Perspectiva genética de los rayos UV y las nuevas alternativas de protección solar

Genetics perspective of UV rays and new alternatives for sun protection

Autores | Contacto

EO Vallejo *, N Vargas *, LM Martínez **, CA Agudelo *** e IC Ortiz ****

*  Estudiante de Medicina.
** Docente Titular.  Bacterióloga.  Especialista en Hematología.
*** Coordinador de Gestión Clínica.  Clínica Universitaria Bolivariana, MD, MSc.
**** Docente Titular.  Bióloga.  PhD Biología.

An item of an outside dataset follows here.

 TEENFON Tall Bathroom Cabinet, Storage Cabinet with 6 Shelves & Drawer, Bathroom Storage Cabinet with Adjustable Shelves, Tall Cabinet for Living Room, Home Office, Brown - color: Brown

Facultad de Medicina. Escuela de Ciencias de la Salud. Universidad Pontificia Bolivariana. Medellín. Colombia. http://www.upb.edu.co

Dirección
Prof. Dr. Ricardo E. Achenbach

Resumen | Palabras Claves

RESUMEN

La radiación ultravioleta (UV), posee tres diferentes longitudes de onda: la UVA (315- 400 nm), la UVB (280-315 nm) y la UVC (100-280 nm), que impactan de diversas formas en la piel. Pueden causar “envejecimiento cutáneo”, quemaduras y cánceres. En la actualidad se cuenta con múltiples alternativas de protección solar, que van desde los métodos físicos convencionales, hasta complejos mecanismos moleculares e inductores de reparación celular, como el Polypodium leucotomos. El propósito de esta revisión es describir las implicaciones, que tienen los rayos ultravioleta en los seres humanos expuestos a la luz solar y las alternativas de protección disponibles, así como citar los avances en foto-protección.

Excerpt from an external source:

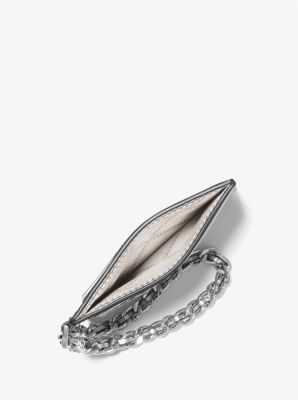 Small Metallic Logo Chain Card Case - Image 3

PALABRAS CLAVE: Radiación; Efectos de la radiación; Reparación del ADN; Luz solar; Antioxidantes.

SUMMARY

Ultraviolet (UV), has three different wavelengths: UVA (315-400 nm), UVB (280-315 nm) and UVC (100-280 nm), which impact in different ways on the skin of human beings, and may be responsible of skin aging, burns and cancers. Currently we have multiple sunscreen alternatives, ranging from conventional physical methods to complex molecular mechanisms and inducers of cell repair as Polypodium leucotomos. The purpose of this review is to show the implications of ultraviolet rays on human beings exposed to sunlight and the protection alternatives that are available and show what is to come in photo protection towards the future.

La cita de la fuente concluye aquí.